Litigation is the option when mediation fails or where the contract specifies court rather than arbitration. Real-estate disputes in our region are heard in the state circuit, district, or superior courts (with state-specific variations on which division handles real-estate matters). Cases involving diversity jurisdiction can be filed in federal court. The litigation timeline is months to years, and the costs are substantial. We pursue litigation when the stakes warrant it and when other options have been exhausted.
Practical takeaways
For buyers and sellers facing a deal that may not close:
- Slow down before doing anything. The first communication after a problem arises is often the most important. Talk to your attorney before sending an email that could be read as breach.
- Read the contract carefully. Identify which contingencies are still active, which deadlines are approaching, and what notice has and has not been given.

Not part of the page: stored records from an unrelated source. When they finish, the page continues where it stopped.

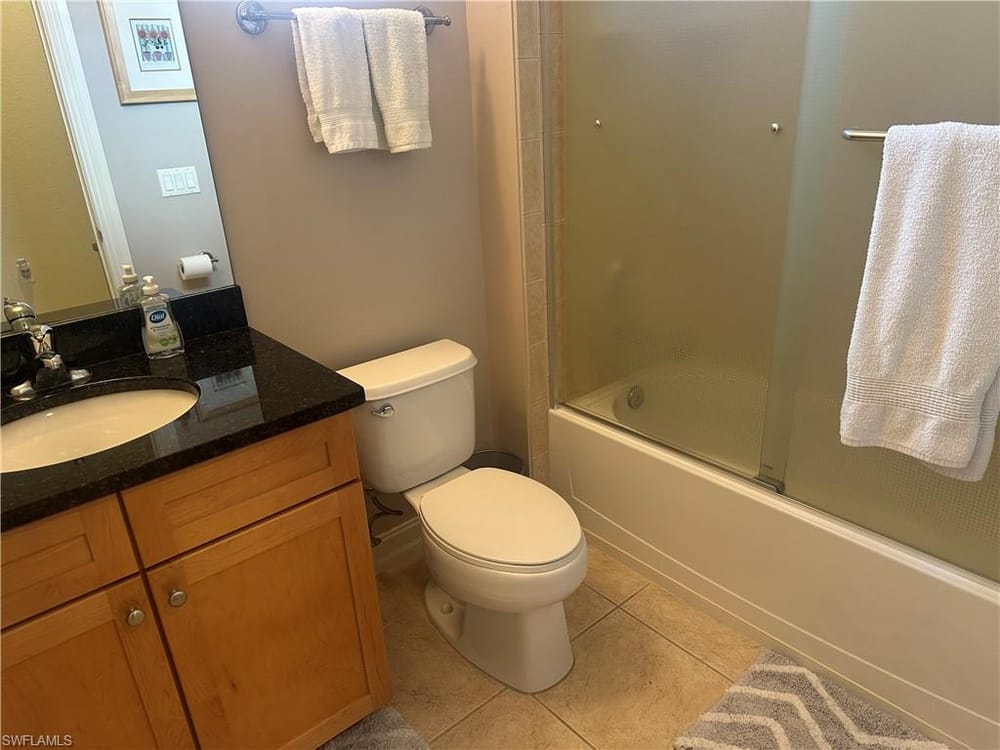 9134 Chula Vista St. 12504 – #225072544 - Lely Resort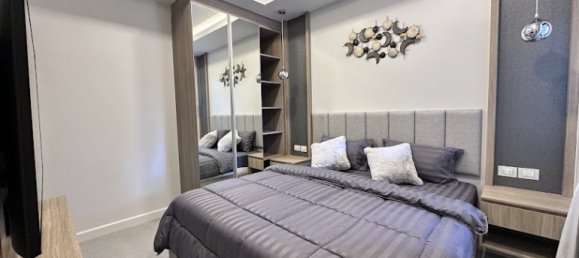 4 bedrooms Cafe / restaurant in Pattaya, Thailand No. 5482 17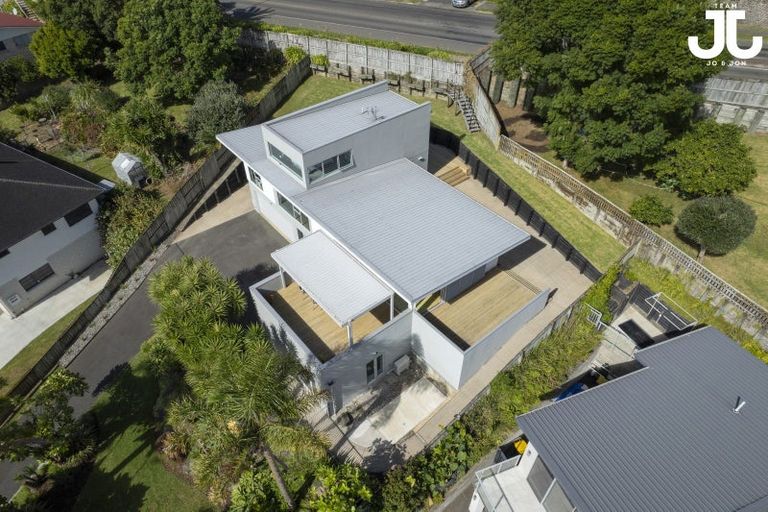 Photo of property in 49 Amberley Crescent, Bethlehem, Tauranga, 3110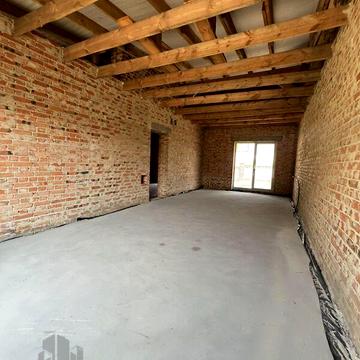 Продаж 4к Дім Кулика і Гудачека (Макарова) вулиця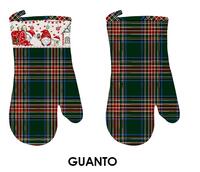 KOTKA GLOVE Tellini S.r.l. Wholesale Clothing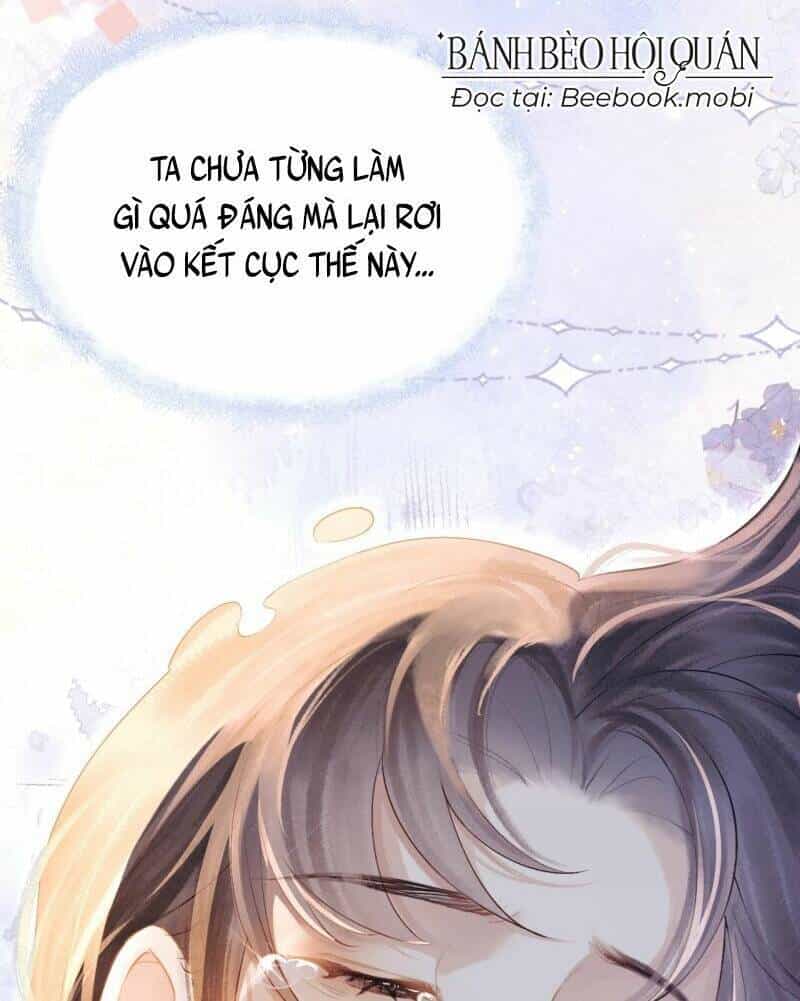 Gả Cho Phản Diện - Chương 3 - ảnh 52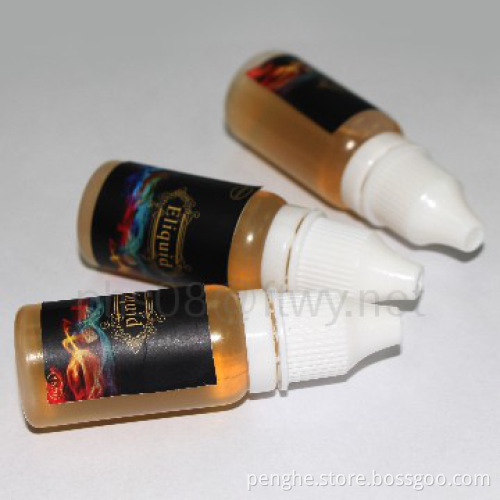 2014 best price e juice manufacturer for e cigarette user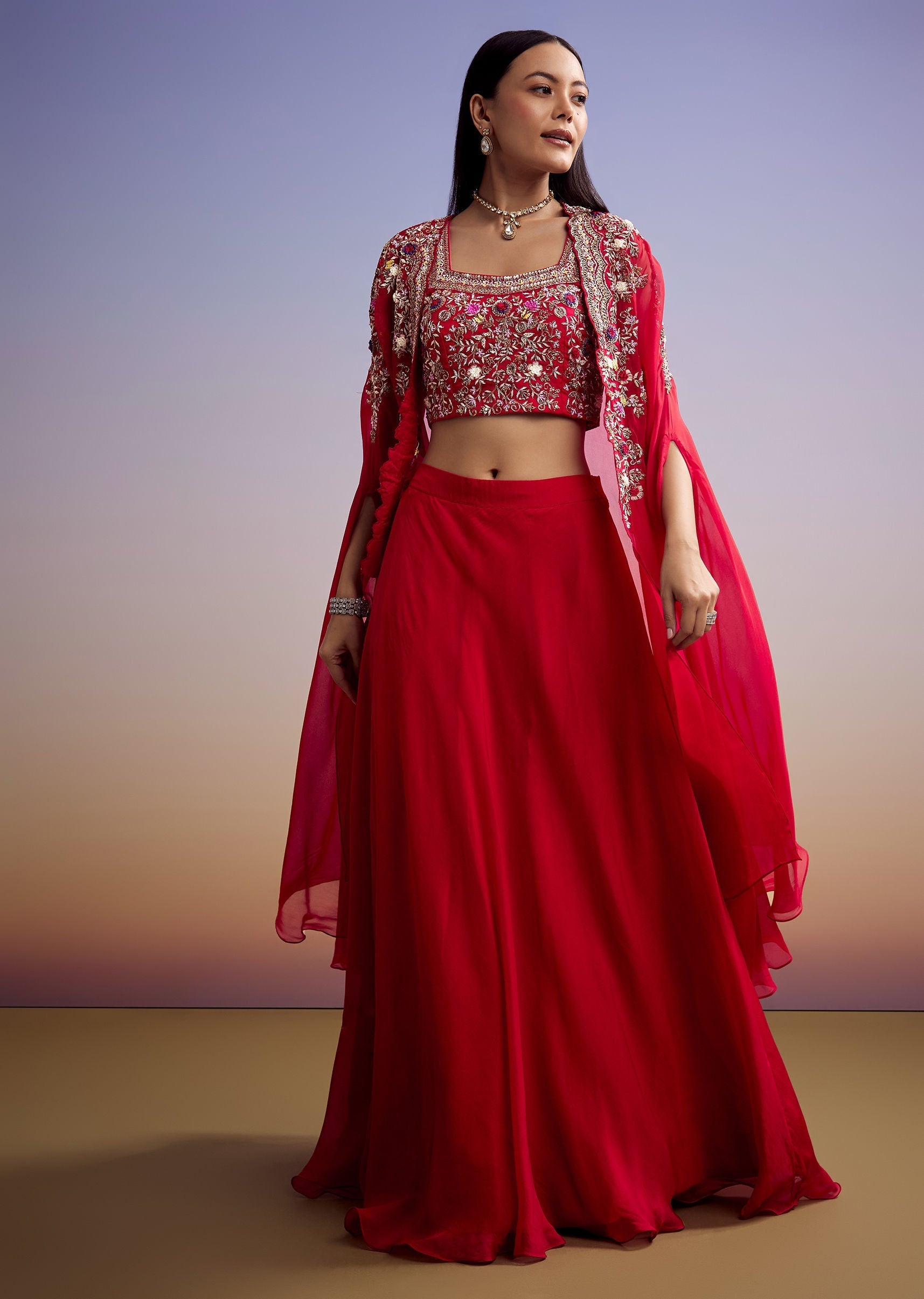 red-organza-crop-top-and-skirt-set-with-embroidered-cape-sg329741-2_e3930962-2ea7-4728-b995-324cdffa2c0e.jpg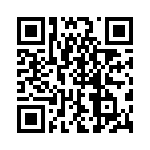 RMCF1210FT536K QRCode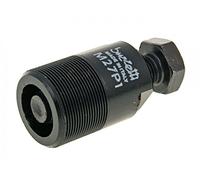 Estrattore ruota polare Buzzetti M27 x 1 mm filettatura destra per Honda '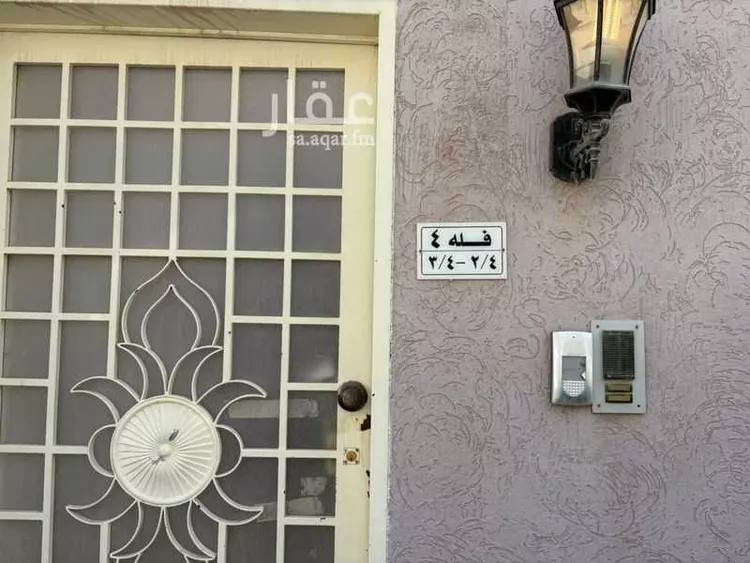 Floor for Rent in Riyadh Umm Al Hamam Al Sharqi صورة 4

- Document everything in writing. Phone calls and conversations matter less in a dispute than the contemporaneous paper trail.
- Know your remedies before you decide what you want. Sellers thinking about pulling back often do not realize they may be ordered to close; buyers thinking about walking often do not realize the seller may have stronger remedies than they expected.
- Be willing to walk away from earnest-money disputes. A clean release with a partial recovery is often better than a fight over the full deposit.
A real-estate contract is, in the moment, a roadmap for two transactions: the closing it is designed to produce and the dispute it is designed to manage if the closing does not happen. The terms that govern the second one are often the ones nobody reads carefully when they sign. Reading them at signing, with counsel, is the cheapest insurance available against the deal that does not close.
This article is for general informational purposes only and does not constitute legal advice.